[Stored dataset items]
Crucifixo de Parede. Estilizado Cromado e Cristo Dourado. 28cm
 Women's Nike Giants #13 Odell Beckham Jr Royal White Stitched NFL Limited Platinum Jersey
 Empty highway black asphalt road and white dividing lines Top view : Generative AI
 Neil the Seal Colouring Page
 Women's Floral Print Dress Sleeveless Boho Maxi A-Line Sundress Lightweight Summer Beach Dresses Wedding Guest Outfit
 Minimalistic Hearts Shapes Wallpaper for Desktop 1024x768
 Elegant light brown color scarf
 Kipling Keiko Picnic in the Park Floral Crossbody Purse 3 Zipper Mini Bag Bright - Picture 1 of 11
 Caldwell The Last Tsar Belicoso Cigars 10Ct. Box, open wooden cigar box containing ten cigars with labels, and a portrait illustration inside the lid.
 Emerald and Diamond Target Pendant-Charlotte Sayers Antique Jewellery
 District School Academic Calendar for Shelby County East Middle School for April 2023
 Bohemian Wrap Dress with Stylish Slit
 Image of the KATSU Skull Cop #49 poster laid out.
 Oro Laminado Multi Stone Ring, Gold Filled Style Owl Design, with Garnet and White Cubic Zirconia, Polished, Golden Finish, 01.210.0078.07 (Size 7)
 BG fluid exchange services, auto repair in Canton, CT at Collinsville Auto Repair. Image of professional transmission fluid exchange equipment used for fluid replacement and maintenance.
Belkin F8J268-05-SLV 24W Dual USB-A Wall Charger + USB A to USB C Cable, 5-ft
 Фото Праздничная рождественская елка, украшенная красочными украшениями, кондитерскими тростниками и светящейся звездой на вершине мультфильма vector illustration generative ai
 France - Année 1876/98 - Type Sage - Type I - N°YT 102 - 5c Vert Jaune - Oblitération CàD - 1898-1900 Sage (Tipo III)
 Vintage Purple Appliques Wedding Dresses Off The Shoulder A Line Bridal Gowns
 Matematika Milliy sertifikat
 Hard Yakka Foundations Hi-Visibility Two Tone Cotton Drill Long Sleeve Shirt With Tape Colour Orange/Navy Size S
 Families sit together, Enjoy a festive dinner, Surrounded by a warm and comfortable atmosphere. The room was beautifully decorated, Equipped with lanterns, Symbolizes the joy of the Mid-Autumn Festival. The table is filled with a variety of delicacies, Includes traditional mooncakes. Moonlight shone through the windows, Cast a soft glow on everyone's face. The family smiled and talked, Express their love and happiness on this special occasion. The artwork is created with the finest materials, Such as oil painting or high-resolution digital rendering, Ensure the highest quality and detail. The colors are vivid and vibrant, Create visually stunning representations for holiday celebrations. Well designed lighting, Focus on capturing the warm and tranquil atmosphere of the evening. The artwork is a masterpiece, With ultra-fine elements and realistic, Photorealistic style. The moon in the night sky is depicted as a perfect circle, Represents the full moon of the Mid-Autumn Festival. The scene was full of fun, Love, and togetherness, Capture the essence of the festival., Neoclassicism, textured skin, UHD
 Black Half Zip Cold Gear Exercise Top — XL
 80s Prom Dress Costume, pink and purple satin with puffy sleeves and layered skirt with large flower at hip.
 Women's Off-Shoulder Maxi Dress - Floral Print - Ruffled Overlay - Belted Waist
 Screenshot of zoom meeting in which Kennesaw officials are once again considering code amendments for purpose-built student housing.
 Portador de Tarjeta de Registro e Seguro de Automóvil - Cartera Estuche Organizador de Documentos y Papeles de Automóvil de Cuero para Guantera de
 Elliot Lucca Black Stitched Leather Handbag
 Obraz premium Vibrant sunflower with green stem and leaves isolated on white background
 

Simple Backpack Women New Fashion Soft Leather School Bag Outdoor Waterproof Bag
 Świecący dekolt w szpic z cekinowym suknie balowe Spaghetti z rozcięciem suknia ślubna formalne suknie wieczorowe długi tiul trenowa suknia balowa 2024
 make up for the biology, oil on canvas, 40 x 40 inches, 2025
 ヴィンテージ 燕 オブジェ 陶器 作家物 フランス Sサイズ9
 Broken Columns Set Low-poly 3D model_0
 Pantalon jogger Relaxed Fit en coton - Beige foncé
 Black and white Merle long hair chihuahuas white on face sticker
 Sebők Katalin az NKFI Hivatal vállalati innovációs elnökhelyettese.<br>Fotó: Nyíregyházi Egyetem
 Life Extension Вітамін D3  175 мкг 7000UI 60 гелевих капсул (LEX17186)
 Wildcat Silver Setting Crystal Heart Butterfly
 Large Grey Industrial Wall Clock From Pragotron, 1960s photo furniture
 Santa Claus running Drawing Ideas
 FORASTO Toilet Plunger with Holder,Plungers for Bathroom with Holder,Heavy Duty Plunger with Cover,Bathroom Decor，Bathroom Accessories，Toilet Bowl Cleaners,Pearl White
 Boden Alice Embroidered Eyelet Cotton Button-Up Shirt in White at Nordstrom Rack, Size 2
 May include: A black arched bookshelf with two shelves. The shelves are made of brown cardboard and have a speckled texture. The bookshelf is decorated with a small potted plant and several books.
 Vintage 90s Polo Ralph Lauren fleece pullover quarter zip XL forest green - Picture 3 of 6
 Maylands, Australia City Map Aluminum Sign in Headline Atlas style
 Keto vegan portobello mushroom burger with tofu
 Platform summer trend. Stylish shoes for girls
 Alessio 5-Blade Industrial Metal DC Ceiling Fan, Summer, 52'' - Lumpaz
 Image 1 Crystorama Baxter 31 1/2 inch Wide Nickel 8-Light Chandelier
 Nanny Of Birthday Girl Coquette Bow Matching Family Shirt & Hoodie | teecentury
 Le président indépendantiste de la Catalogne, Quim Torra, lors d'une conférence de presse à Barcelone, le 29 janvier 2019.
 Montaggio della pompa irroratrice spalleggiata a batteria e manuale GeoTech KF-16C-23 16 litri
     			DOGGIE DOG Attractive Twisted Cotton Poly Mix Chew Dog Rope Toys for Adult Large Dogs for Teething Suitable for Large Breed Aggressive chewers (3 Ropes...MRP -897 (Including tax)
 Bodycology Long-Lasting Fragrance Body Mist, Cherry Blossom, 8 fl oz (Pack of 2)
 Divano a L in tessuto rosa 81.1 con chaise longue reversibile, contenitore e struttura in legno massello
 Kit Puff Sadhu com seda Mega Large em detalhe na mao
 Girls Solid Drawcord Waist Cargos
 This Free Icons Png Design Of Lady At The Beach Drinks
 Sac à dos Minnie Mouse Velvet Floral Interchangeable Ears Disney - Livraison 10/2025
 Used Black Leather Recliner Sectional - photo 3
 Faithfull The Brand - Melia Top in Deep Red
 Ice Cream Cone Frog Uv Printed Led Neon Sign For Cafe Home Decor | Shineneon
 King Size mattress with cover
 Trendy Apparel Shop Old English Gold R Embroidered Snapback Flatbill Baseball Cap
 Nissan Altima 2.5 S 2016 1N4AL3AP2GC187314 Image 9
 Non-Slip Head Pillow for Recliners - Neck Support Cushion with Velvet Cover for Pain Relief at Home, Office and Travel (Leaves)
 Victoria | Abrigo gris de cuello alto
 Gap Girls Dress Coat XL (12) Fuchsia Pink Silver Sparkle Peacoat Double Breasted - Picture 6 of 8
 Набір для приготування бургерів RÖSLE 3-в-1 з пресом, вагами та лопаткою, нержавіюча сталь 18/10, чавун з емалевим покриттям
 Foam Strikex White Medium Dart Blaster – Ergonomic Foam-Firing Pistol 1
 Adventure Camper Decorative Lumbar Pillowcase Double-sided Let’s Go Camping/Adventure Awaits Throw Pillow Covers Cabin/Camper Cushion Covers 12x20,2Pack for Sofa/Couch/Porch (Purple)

* [ASSIGNMENT] When transcribing the data, keep every line exactly as it is.

* [RESULT OF THIS EXERCISE]
Crucifixo de Parede. Estilizado Cromado e Cristo Dourado. 28cm
 Women's Nike Giants #13 Odell Beckham Jr Royal White Stitched NFL Limited Platinum Jersey
 Empty highway black asphalt road and white dividing lines Top view : Generative AI
 Neil the Seal Colouring Page
 Women's Floral Print Dress Sleeveless Boho Maxi A-Line Sundress Lightweight Summer Beach Dresses Wedding Guest Outfit
 Minimalistic Hearts Shapes Wallpaper for Desktop 1024x768
 Elegant light brown color scarf
 Kipling Keiko Picnic in the Park Floral Crossbody Purse 3 Zipper Mini Bag Bright - Picture 1 of 11
 Caldwell The Last Tsar Belicoso Cigars 10Ct. Box, open wooden cigar box containing ten cigars with labels, and a portrait illustration inside the lid.
 Emerald and Diamond Target Pendant-Charlotte Sayers Antique Jewellery
 District School Academic Calendar for Shelby County East Middle School for April 2023
 Bohemian Wrap Dress with Stylish Slit
 Image of the KATSU Skull Cop #49 poster laid out.
 Oro Laminado Multi Stone Ring, Gold Filled Style Owl Design, with Garnet and White Cubic Zirconia, Polished, Golden Finish, 01.210.0078.07 (Size 7)
 BG fluid exchange services, auto repair in Canton, CT at Collinsville Auto Repair. Image of professional transmission fluid exchange equipment used for fluid replacement and maintenance.
Belkin F8J268-05-SLV 24W Dual USB-A Wall Charger + USB A to USB C Cable, 5-ft
 Фото Праздничная рождественская елка, украшенная красочными украшениями, кондитерскими тростниками и светящейся звездой на вершине мультфильма vector illustration generative ai
 France - Année 1876/98 - Type Sage - Type I - N°YT 102 - 5c Vert Jaune - Oblitération CàD - 1898-1900 Sage (Tipo III)
 Vintage Purple Appliques Wedding Dresses Off The Shoulder A Line Bridal Gowns
 Matematika Milliy sertifikat
 Hard Yakka Foundations Hi-Visibility Two Tone Cotton Drill Long Sleeve Shirt With Tape Colour Orange/Navy Size S
 Families sit together, Enjoy a festive dinner, Surrounded by a warm and comfortable atmosphere. The room was beautifully decorated, Equipped with lanterns, Symbolizes the joy of the Mid-Autumn Festival. The table is filled with a variety of delicacies, Includes traditional mooncakes. Moonlight shone through the windows, Cast a soft glow on everyone's face. The family smiled and talked, Express their love and happiness on this special occasion. The artwork is created with the finest materials, Such as oil painting or high-resolution digital rendering, Ensure the highest quality and detail. The colors are vivid and vibrant, Create visually stunning representations for holiday celebrations. Well designed lighting, Focus on capturing the warm and tranquil atmosphere of the evening. The artwork is a masterpiece, With ultra-fine elements and realistic, Photorealistic style. The moon in the night sky is depicted as a perfect circle, Represents the full moon of the Mid-Autumn Festival. The scene was full of fun, Love, and togetherness, Capture the essence of the festival., Neoclassicism, textured skin, UHD
 Black Half Zip Cold Gear Exercise Top — XL
 80s Prom Dress Costume, pink and purple satin with puffy sleeves and layered skirt with large flower at hip.
 Women's Off-Shoulder Maxi Dress - Floral Print - Ruffled Overlay - Belted Waist
 Screenshot of zoom meeting in which Kennesaw officials are once again considering code amendments for purpose-built student housing.
 Portador de Tarjeta de Registro e Seguro de Automóvil - Cartera Estuche Organizador de Documentos y Papeles de Automóvil de Cuero para Guantera de
 Elliot Lucca Black Stitched Leather Handbag
 Obraz premium Vibrant sunflower with green stem and leaves isolated on white background
 

Simple Backpack Women New Fashion Soft Leather School Bag Outdoor Waterproof Bag
 Świecący dekolt w szpic z cekinowym suknie balowe Spaghetti z rozcięciem suknia ślubna formalne suknie wieczorowe długi tiul trenowa suknia balowa 2024
 make up for the biology, oil on canvas, 40 x 40 inches, 2025
 ヴィンテージ 燕 オブジェ 陶器 作家物 フランス Sサイズ9
 Broken Columns Set Low-poly 3D model_0
 Pantalon jogger Relaxed Fit en coton - Beige foncé
 Black and white Merle long hair chihuahuas white on face sticker
 Sebők Katalin az NKFI Hivatal vállalati innovációs elnökhelyettese.<br>Fotó: Nyíregyházi Egyetem
 Life Extension Вітамін D3  175 мкг 7000UI 60 гелевих капсул (LEX17186)
 Wildcat Silver Setting Crystal Heart Butterfly
 Large Grey Industrial Wall Clock From Pragotron, 1960s photo furniture
 Santa Claus running Drawing Ideas
 FORASTO Toilet Plunger with Holder,Plungers for Bathroom with Holder,Heavy Duty Plunger with Cover,Bathroom Decor，Bathroom Accessories，Toilet Bowl Cleaners,Pearl White
 Boden Alice Embroidered Eyelet Cotton Button-Up Shirt in White at Nordstrom Rack, Size 2
 May include: A black arched bookshelf with two shelves. The shelves are made of brown cardboard and have a speckled texture. The bookshelf is decorated with a small potted plant and several books.
 Vintage 90s Polo Ralph Lauren fleece pullover quarter zip XL forest green - Picture 3 of 6
 Maylands, Australia City Map Aluminum Sign in Headline Atlas style
 Keto vegan portobello mushroom burger with tofu
 Platform summer trend. Stylish shoes for girls
 Alessio 5-Blade Industrial Metal DC Ceiling Fan, Summer, 52'' - Lumpaz
 Image 1 Crystorama Baxter 31 1/2 inch Wide Nickel 8-Light Chandelier
 Nanny Of Birthday Girl Coquette Bow Matching Family Shirt & Hoodie | teecentury
 Le président indépendantiste de la Catalogne, Quim Torra, lors d'une conférence de presse à Barcelone, le 29 janvier 2019.
 Montaggio della pompa irroratrice spalleggiata a batteria e manuale GeoTech KF-16C-23 16 litri
     			DOGGIE DOG Attractive Twisted Cotton Poly Mix Chew Dog Rope Toys for Adult Large Dogs for Teething Suitable for Large Breed Aggressive chewers (3 Ropes...MRP -897 (Including tax)
 Bodycology Long-Lasting Fragrance Body Mist, Cherry Blossom, 8 fl oz (Pack of 2)
 Divano a L in tessuto rosa 81.1 con chaise longue reversibile, contenitore e struttura in legno massello
 Kit Puff Sadhu com seda Mega Large em detalhe na mao
 Girls Solid Drawcord Waist Cargos
 This Free Icons Png Design Of Lady At The Beach Drinks
 Sac à dos Minnie Mouse Velvet Floral Interchangeable Ears Disney - Livraison 10/2025
 Used Black Leather Recliner Sectional - photo 3
 Faithfull The Brand - Melia Top in Deep Red
 Ice Cream Cone Frog Uv Printed Led Neon Sign For Cafe Home Decor | Shineneon
 King Size mattress with cover
 Trendy Apparel Shop Old English Gold R Embroidered Snapback Flatbill Baseball Cap
 Nissan Altima 2.5 S 2016 1N4AL3AP2GC187314 Image 9
 Non-Slip Head Pillow for Recliners - Neck Support Cushion with Velvet Cover for Pain Relief at Home, Office and Travel (Leaves)
 Victoria | Abrigo gris de cuello alto
 Gap Girls Dress Coat XL (12) Fuchsia Pink Silver Sparkle Peacoat Double Breasted - Picture 6 of 8
 Набір для приготування бургерів RÖSLE 3-в-1 з пресом, вагами та лопаткою, нержавіюча сталь 18/10, чавун з емалевим покриттям
 Foam Strikex White Medium Dart Blaster – Ergonomic Foam-Firing Pistol 1
 Adventure Camper Decorative Lumbar Pillowcase Double-sided Let’s Go Camping/Adventure Awaits Throw Pillow Covers Cabin/Camper Cushion Covers 12x20,2Pack for Sofa/Couch/Porch (Purple)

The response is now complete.